I wrote a piece on Dante Aligheri and Giovanni Boccaccio, and their revolutionary works. The many literary worlds that the poet Dante Aligheri created were rich with imagery, symbolism, and paradoxes. Within these worlds, Dante Aligheri the pilgrim remained a steadfast traveler, with his sights always set on the light and truth of God. Dante’s readers gained spiritual sustenance by accompanying Dante the pilgrim on his journey and by listening to the wisdom and artistry of Dante the poet. At the heart of all of Dante’s writing is the incessant push-and-pull of the forces of reason and faith: the battle between Dante’s philosophical leanings and his unwavering belief in God and in salvation through ultimate faith. This line between logic and unquestioning religious conviction is often blurred, and throughout the literary journey of the Commedia the reader learns that there is no simple answer to the issue of salvation. In the Inferno, the punished only possess reason and not faith. In Purgatorio, the penitents have the capacity for both reason and faith, but they did not correctly or perfectly apply their reason towards their faith. In Paradiso, the inhabitants have reached a perfect sense of theology—a union of reason and faith that has lead to their salvation. Therefore, Dante’s purpose as a mortal voyager is to show that salvation is only a result of the product of reason and faith in the correct relationship to each other.

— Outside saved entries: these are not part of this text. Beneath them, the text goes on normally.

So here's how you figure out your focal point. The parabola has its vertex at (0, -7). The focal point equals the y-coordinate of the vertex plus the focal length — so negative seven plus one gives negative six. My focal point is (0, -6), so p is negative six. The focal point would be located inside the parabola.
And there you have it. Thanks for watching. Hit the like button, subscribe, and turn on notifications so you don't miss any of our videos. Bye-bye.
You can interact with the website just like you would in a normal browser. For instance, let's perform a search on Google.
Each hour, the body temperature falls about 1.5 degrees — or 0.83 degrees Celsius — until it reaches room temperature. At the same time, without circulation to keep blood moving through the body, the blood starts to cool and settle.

Although Giovanni Boccaccio was born over fifty years after Dante Aligheri’s death, Dante was a major influence on Boccaccio’s works. Boccaccio’s opus, the Decameron, was a series of tales that were parodies of many famous works (including Dante’s). In the Eighth Tale of the Second Day of the Decameron, Boccaccio tells the story of a corrupt and immoral abbot who wants to take advantage of a wife of a member of his congregation. It is in this tale that Boccaccio makes a tongue-in-cheek comment on Dante, both on his Rime and on the Commedia. When the abbot tries to convince the woman to engage in sexual relations with him, he entreats her by asking her “can you do that which will be the good and salvation of my life.” In Dante’s Rime 61, he refers to Lady Philosophy by explaining the fact that “her aspect helps to induce belief…our faith is strengthened” (Rime 61). Boccaccio is making a comparison to the divine qualities of Lady Philosophy’s beauty by having the abbot employ a similar argument—but in the case of the Eighth Tale, the end result is to commit adultery and sin, not to achieve true salvation. The abbot continues his plea, and uses logic in order to cajole the wife when she questions his motives: “sanctity nowise abates by this, seeing it has its seat in the soul and that which I ask of you is a sin of the body.” The abbot is using strictly logical discourse, explaining to the woman that there is no issue with intercourse because it is strictly a corporeal issue. As with Dante and St. Peter in Paradiso, the abbot “talks a good game.” But unlike Dante, the abbot does not have a true understanding of faith, and instead uses his logic to immoral and sinful ends.

The quest for salvation has always been an uneasy task for man to undertake. Dante’s particular road, as both poet and pilgrim, was fraught with peril and many different challenges. As a pilgrim, Dante had to maneuver the waters of the Commedia, avoid the pitfalls of the Inferno, and have his faith and heart tested in the Paradiso. As a poet, Dante had the daunting charge of communicating his often-indescribable journey to his readers—with their salvation weighing in his hands. In the end, Dante was able to successfully convey the conclusion of his experiences: philosophical reasoning, in combination with faith in God, will lead one to salvation. Anything outside of perfect theology, be it an excess of logistical and practical thinking, or an approach to faith too late in life, will not set the reader on the one true or correct path.